Task requirements
Extract precisely the lines that run from the line containing "台湾真真刀缸3t,加工中心主轴刀缸助力器4.5t" to the end of the records below, with both ends included and pictures omitted.
*** Source material ***
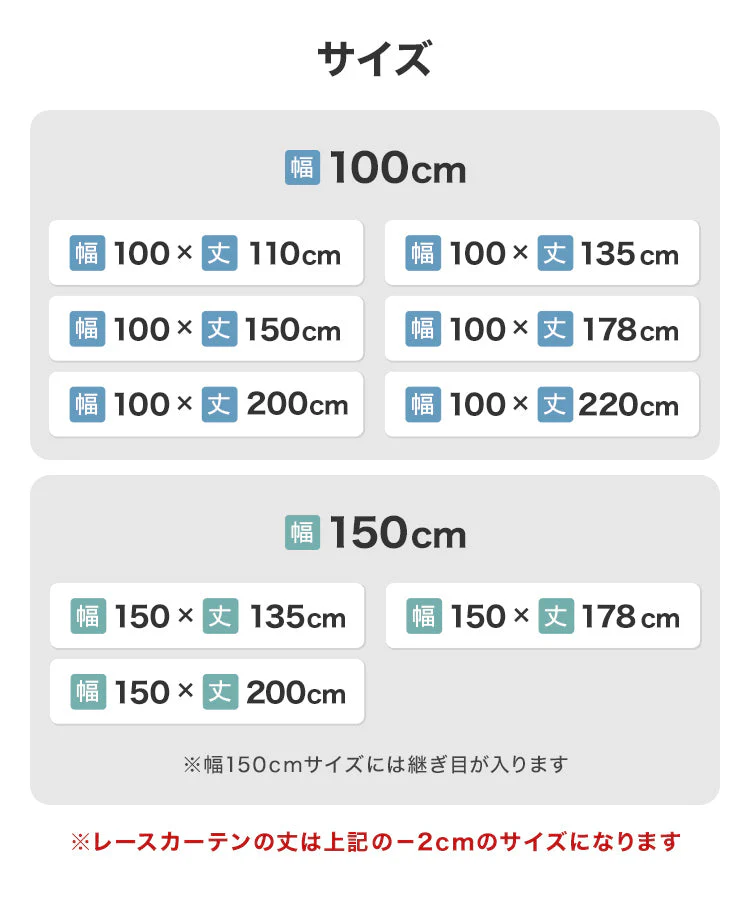 【100×135㎝】【ベージュ】【レースカーテンセット】カーテン 遮光 1級 2級 遮光カーテン 遮光率99.99% 幅100cm 幅150cm レースカーテンセット カーテンセット タッセル付き UVカット 厚手 断熱 遮熱 省エネ シンプル 無地 洗える ウォッシャブル ドレープカーテン おしゃれ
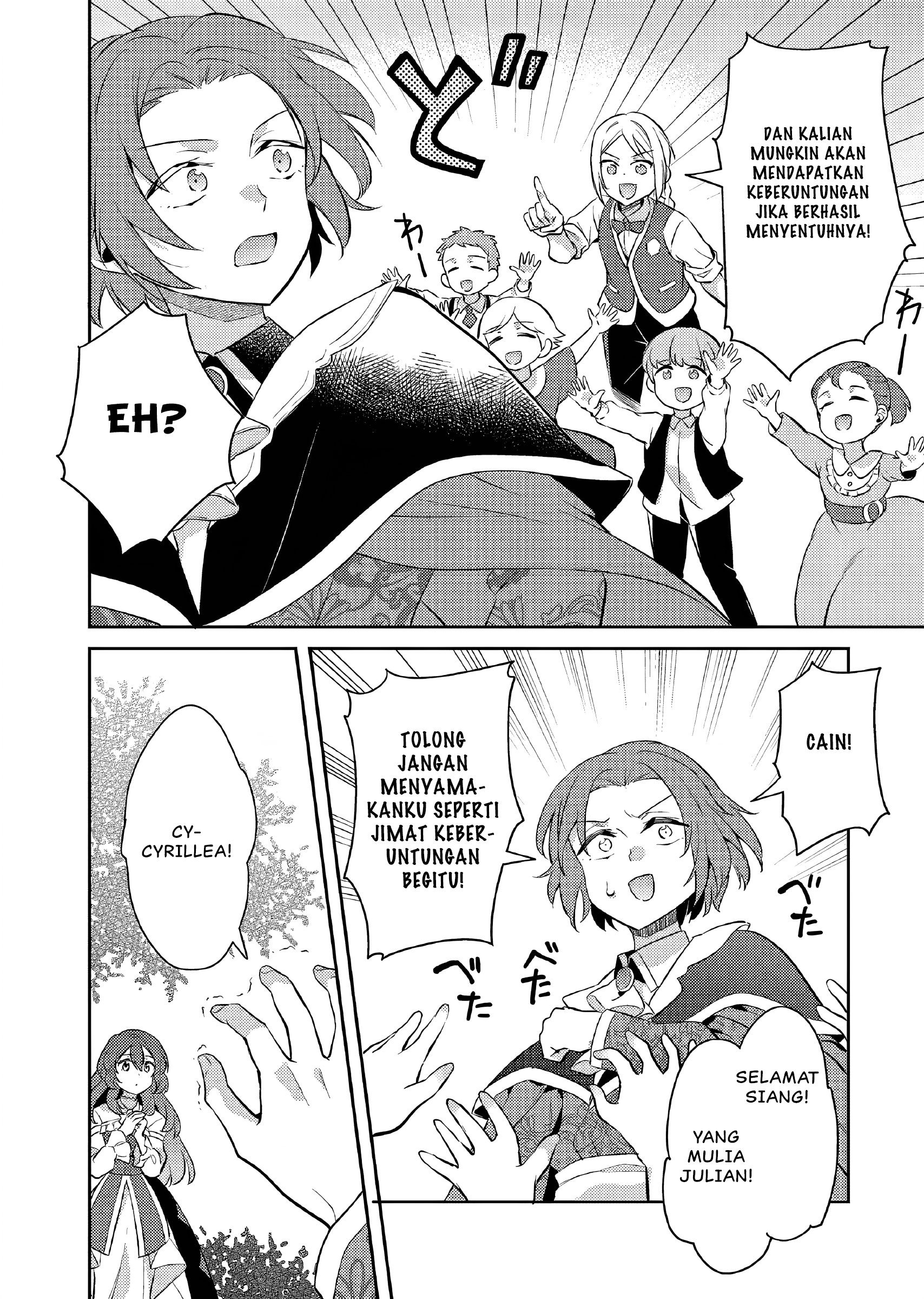 Akuyaku Reijou no Ani ni Tensei shimashita Chapter 21 - halaman 19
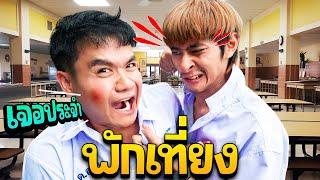 เจอประจำ ตอน พักเที่ยง [EP.32]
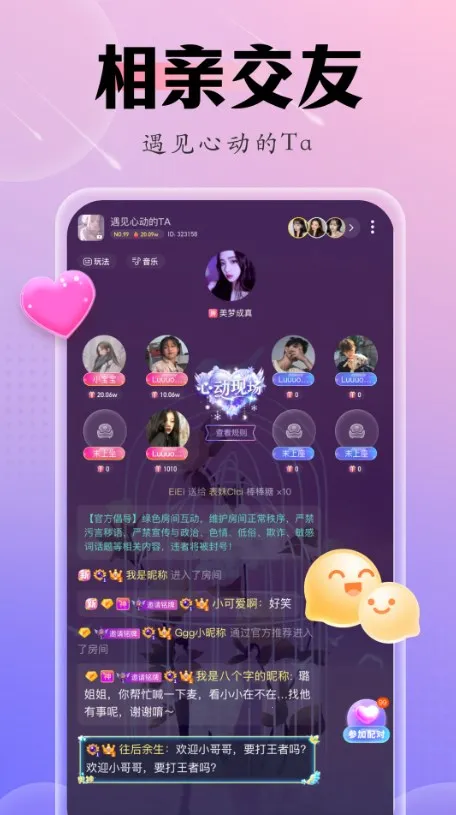 �ɿ�����v3.4.2 ��׿��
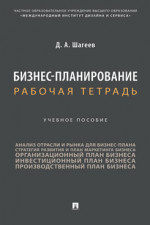 Бизнес-планирование. Рабочая тетрадь. Учебное пособие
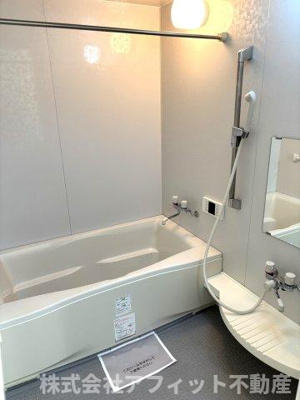 【浴室】 | グランパルク | 追い焚き機能付き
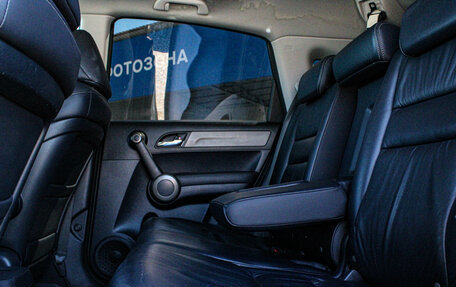 Honda CR-V III рестайлинг, 2011 год, 1 759 000 рублей, 7 фотография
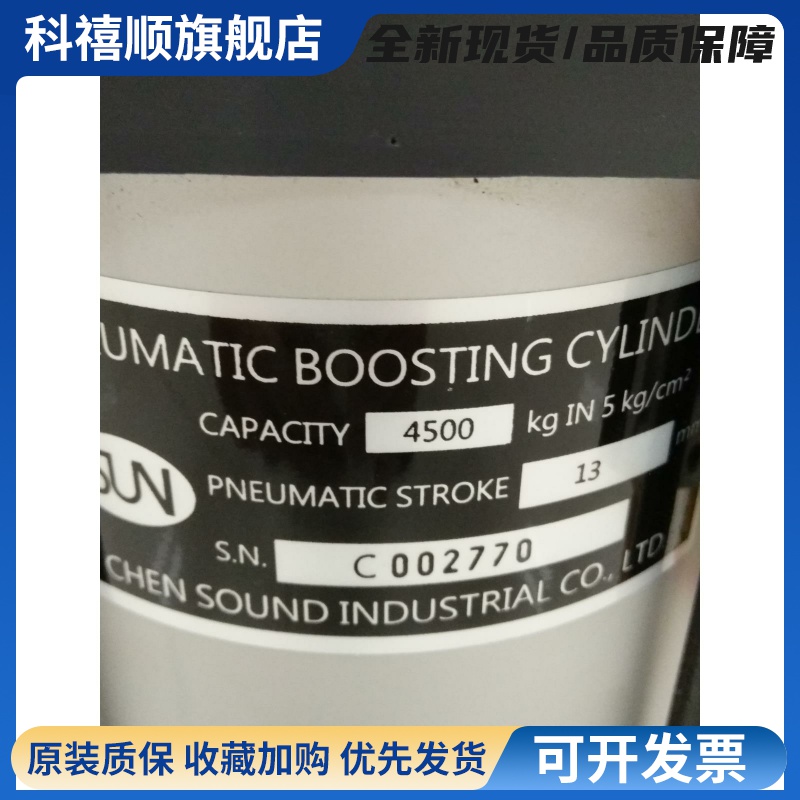 台湾真真刀缸3t,加工中心主轴刀缸助力器4.5t
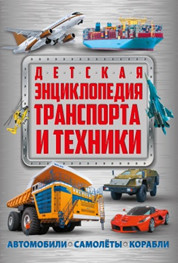 Детская энциклопедия транспорта и техники. Автомобили. Самолёты. Корабли (18352507)
Детская энциклопедия транспорта и техники. Автомобили. Самолёты. Корабли (18352507)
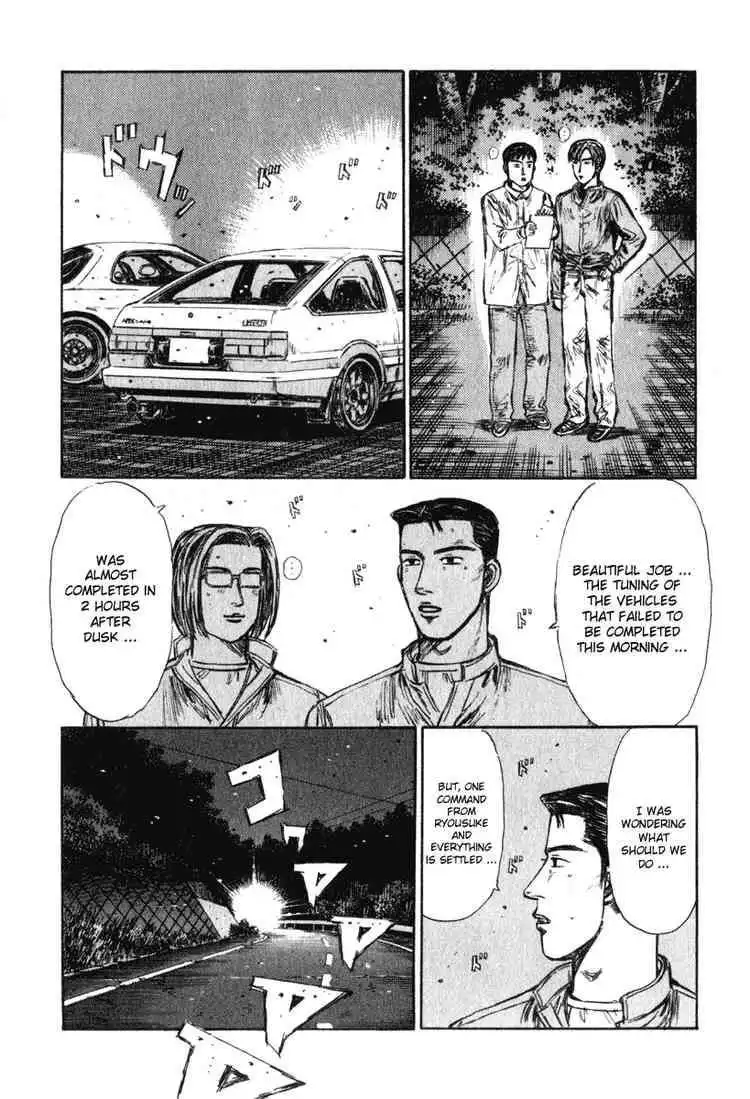 Initial D Chapter 242 12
*** End of Source material ***
Output
 台湾真真刀缸3t,加工中心主轴刀缸助力器4.5t
 Детская энциклопедия транспорта и техники. Автомобили. Самолёты. Корабли (18352507)
Детская энциклопедия транспорта и техники. Автомобили. Самолёты. Корабли (18352507)
 Initial D Chapter 242 12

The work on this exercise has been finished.